■ **EXERCISE**
From the entries below, copy exactly the lines from the one that contains "Лилия Форевер Сьюзан азиатская" through the one that contains "Curious and Chaotic Cats in the Bathtub", both included, and only those.

■ **RECORDS SHOWN**
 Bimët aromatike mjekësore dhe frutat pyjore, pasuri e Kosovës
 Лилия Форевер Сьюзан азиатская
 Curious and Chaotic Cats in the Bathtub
...
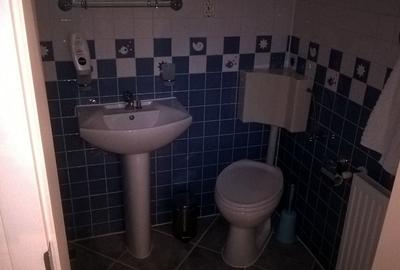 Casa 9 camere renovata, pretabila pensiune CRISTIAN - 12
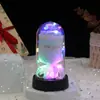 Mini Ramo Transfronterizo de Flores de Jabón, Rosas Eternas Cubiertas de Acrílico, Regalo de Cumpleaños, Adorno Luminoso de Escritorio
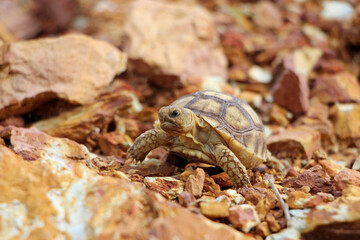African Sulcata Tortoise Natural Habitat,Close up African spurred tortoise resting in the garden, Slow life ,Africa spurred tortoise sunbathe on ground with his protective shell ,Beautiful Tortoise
...
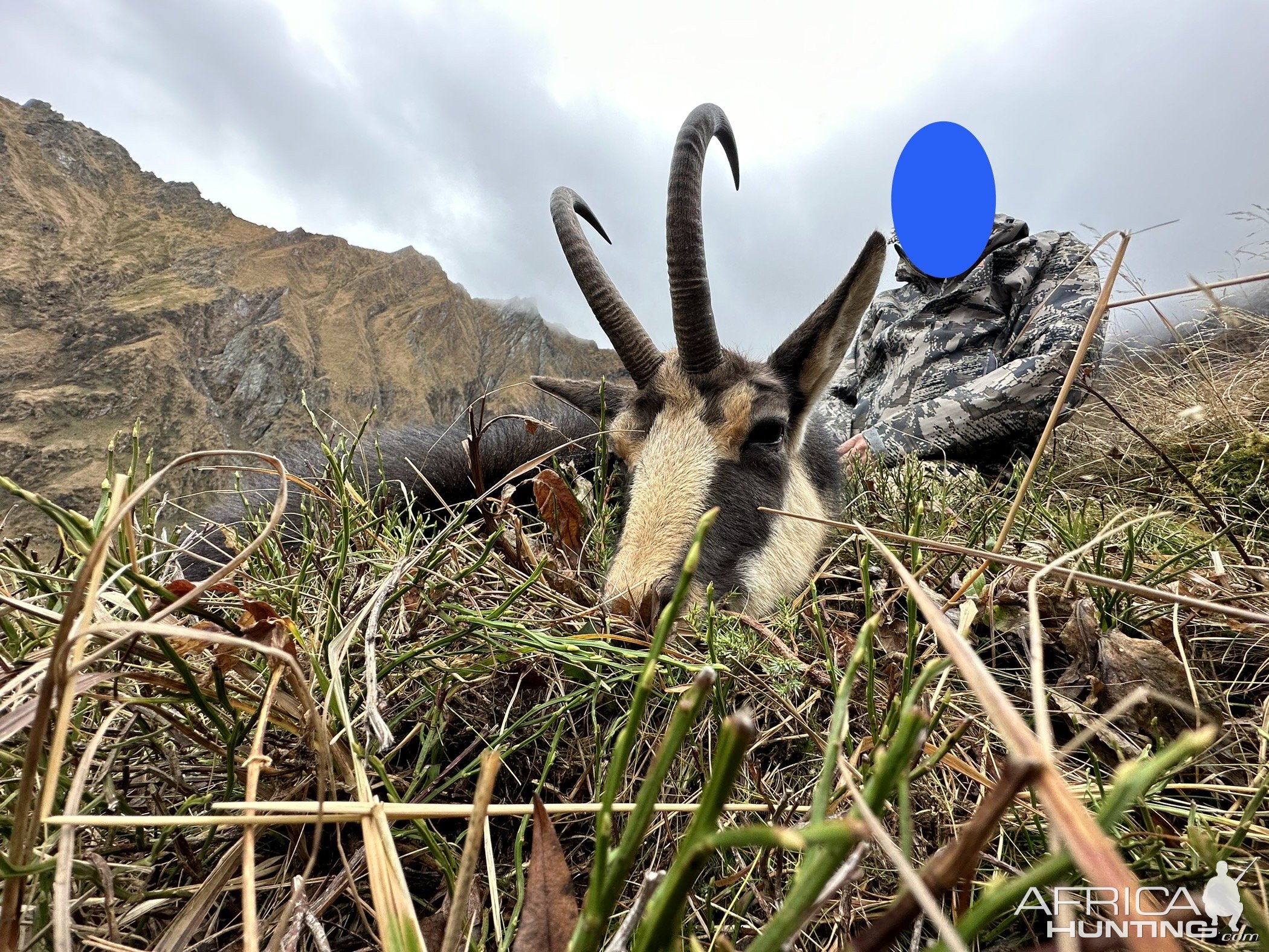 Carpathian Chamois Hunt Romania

■ **YOUR SOLUTION**
 Лилия Форевер Сьюзан азиатская
 Curious and Chaotic Cats in the Bathtub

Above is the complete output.